Eine abgeschlossene Handlung im herkömmlichen Sinne gibt es nicht.
Eine Art roter Faden bildet die Einberufung Claudes zum Militär und
seine durch die Hippiehorde unterstützten Versuche, dieser Einberufung
doch noch im letzten Augenblick zu entgehen. Das gelingt ihm nicht. Er
muss Haare lassen (das Symbol für Macht und Protest gegen die aalglatte,
geleckte Zivilisation), damit ihm der Stahlhelm passt. Mit den Haaren
verliert er zugleich seine individuelle Freiheit. Er wird "angepasst".
Für die Hippies wird er dadurch zugleich unerreichbar...
Warum ausgerechnet ein Revival von HAIR?
HAIR galt für
alle KGS-Musical-Gruppenvon je her als das Kultstück schlechthin.
1983/``84 gab es die erste HAIR-Inszenierung, die damals noch bezogen war auf das Orwell-Jahr 1984 und viele politische Anspielungen darauf enthielt. U.a. wurde nach dem Gelsenkirchener Vorbild vom ``Musiktheater im Revier`die künstliche Figur des `Big Brother`als allsehender Kommentator in die Inszenierung mit eingebracht. Legendär wurde die Aufführung in der Bremer Glocke, wo die Gruppe zugungsten des Schauspielers Karl-Heinz Böhm und seines Projektes ``Menschen für Menschen" vor über 900 Zuschauern gut 3.000 DM einspielen konnte. Zahlreiche Gastspiele in Frankreich, NRW, Niedersachsen und Bremen machte die Gruppe auf einen Schlag überregional bekannt.

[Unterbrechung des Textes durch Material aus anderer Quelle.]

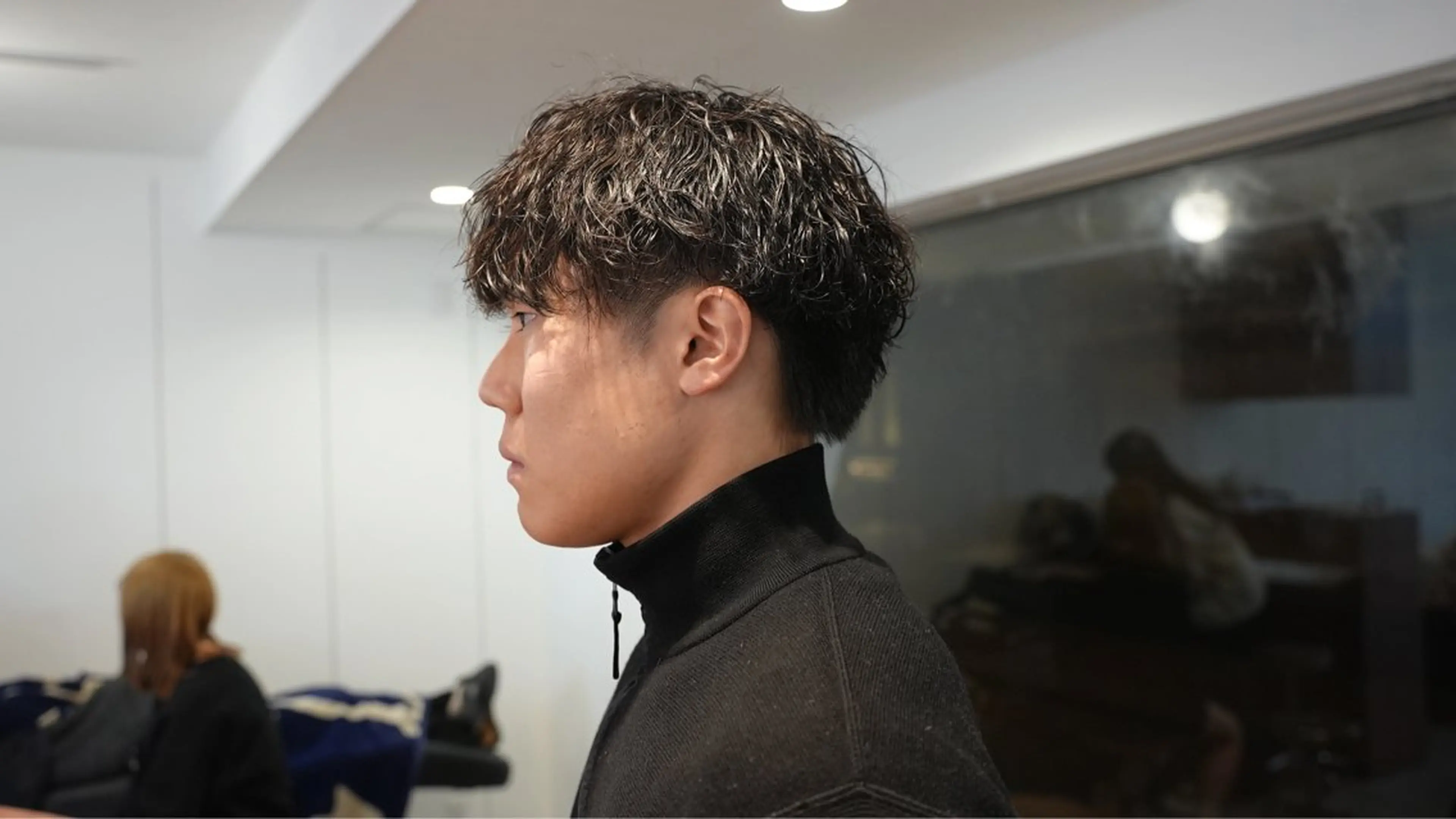 メンズ 波巻きパーマ カット パーマ ARATA / tap/県庁近くのヘアスタイル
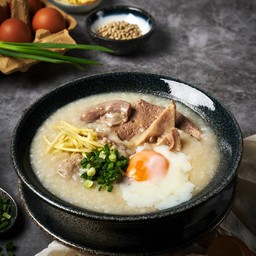 โจ๊กหมูเครื่องใน+ไข่ลวก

1989 fand sich eine neue Musical-Gruppe zusammen, die eine vollkommen neue, stark auf die Friedensbotschaft reduzierte HAIR-Inszenierung auf die Bühne brachte und damit eine (erste) Tournee durch Marokko startete mit zahlreichen Open-Air-Aufführungen, in Azzemour sogar vor rund 18.000 Zuschauern. Auch diese Gruppe tourte mit dem Musical durch Niedersachsen, Schleswig Holstein, NRW, spielte im Bremer Schlachthof und gastierte 1990 sogar in der Noch-DDR (in Annaberg Buchholz und in Luckenwalde).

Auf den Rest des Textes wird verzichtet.